Way beyond ‘we’re eating more beets’
Thursday, May 11th, 2006
On the morning after the death of longtime Timesman Abe Rosenthal—USA Today—the anti-Times, the newspaper-in-a-TV-box, the ‘McPaper’ parodied and mocked routinely by real journalists, broke news about a wanton usurping of our civil rights in the name of post-9-11 security.
NSA has massive database of Americans’ phone calls
The National Security Agency has been secretly collecting the phone call records of tens of millions of Americans, using data provided by AT&T, Verizon and BellSouth, people with direct knowledge of the arrangement told USA TODAY.
Kudos to journalist Leslie Cauley and her paper. This is a big, scary story that needs to be explored in greater depth. This is a story the Times didn’t have (in fact, their front page was about as soft today as you’d expect USA Today’s to be.)

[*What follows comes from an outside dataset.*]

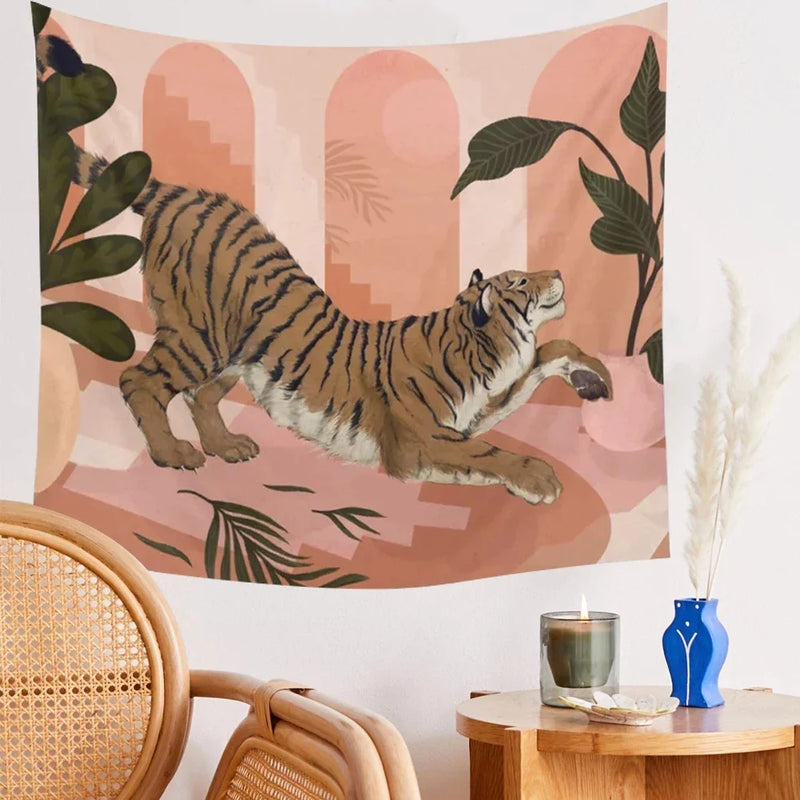 Afralia™ Pink Tiger Tapestry Wall Hanging Dorm Room Decor Jungle Animal Boho Wall Cloth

So…will the Times pick up the baton?
Na pograniczu kiczu i absolutnego piekna.
Sunday, May 7th, 2006
Well, according to the New York Times (quoting an American Apparel PR person), it’s a Polish expression that roughly means “On the brink of kitsch and absolute beauty.”
Which, on a rainy rainy Atlanta Sunday morning, is about right. It’s certainly better than any number of Banacek old Polish sayings, and contains a lot more nuanced wisdom than I ever learned from my Polish grandparents.
U-turn in Jackson.
Friday, May 5th, 2006
From Engadget comes word of two incidents in the last two weeks where British drivers have trusted their GPS driving instructions over their own eyes, and have attempted to pilot their vehicles across river bridges that exist in the database but not in real life. Doesn’t work well, as you might expect.

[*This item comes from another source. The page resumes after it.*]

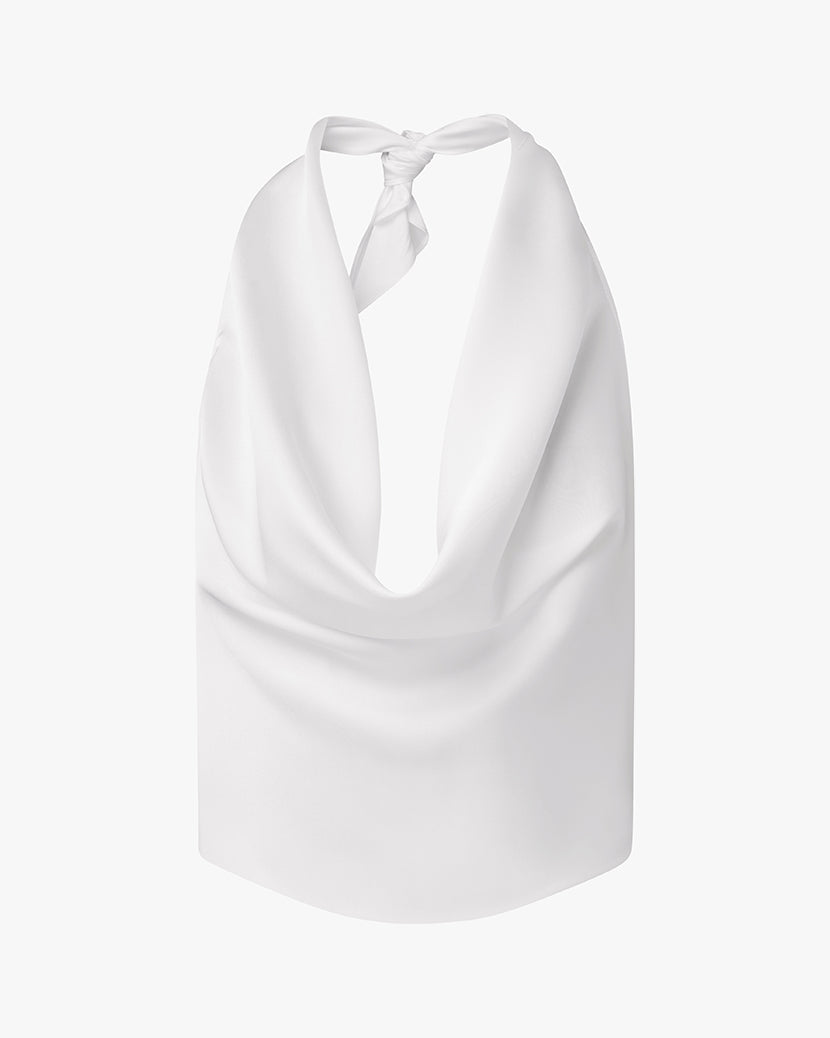 売れ筋商品|||ウィ ウォー ワット カットソー トップス レディース Women's Halter Cowl Neck Top White Halter Cowl Neck Top – WeWoreWhat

Sammy and I tend to leave the “Turn right in 200 yards!” instructions off on our GPS and use it in conjunction with our brains, eyes, and a well-thumbed Rand McNally Road Atlas…but one time driving a straight stretch of road east of Jackson, Michigan when we did have the turn-by-turn activated, we received insane instructions to make a U-turn mid-freeway…and, being stubborn and unwilling to turn south to go north, we did not comply.
On the other hand, driving in the UK is filled with those byzantine turn-south-to-go-north realities, so maybe your average UK driver is open to those computer commands. Me, I kind of prefer the approach of “here’s where you are with great precision on the planet earth…now you figure out what you want to do.”
The Engadget folks mention these incidents while reporting on the large (in this case, huge) new dash-mounted displays that seem destined to serve as yet another distraction layer for drivers who already have too much on their plate.
Without boot.
Monday, May 1st, 2006
Hello in the waning minutes of May first. Happy Mayday, happy Reboot day (caution, annoying music), it seems as well.
Apparently there’s some sort of generalized agreement among, well, some web designers to have their act together enough to redesign their site each and every May first, while displaying as much tasty goodness and usefulness in as standards-compliant and, like, y’know, good a way as possible.
And, well, clearly I didn’t get the meme. Or the memo. But hey, there’s always next year…and there may well be some cause to substantially tighten up the sites I do have…I guess we’ll see about that. I’d like Positively Atlanta Georgia to be an even more comfortable home for you to visit and browse. I would, for example, like to make the photos section more enticing (hmm, maybe fresh content would help?) and make the Media Rare section read more like what it is…a series of columns ripped from alt/weeklies I wrote for here and in Ohio.
I’d like this to be more than a place where I grumpily diss those who use adverbs improperly.
I’d like whirled peas, too, but…well.
Until then, let me point you in this and this direction…just two of the rebooted sites who have me thinking about elaborate css and ajax and things above the fold and grids and all else in the land of web design, about a million miles away from sticky border tape, bloody x-actos, fragrant late-night waxers, and fragile handfuls of IBM Composer type rammed into clay-coated paper.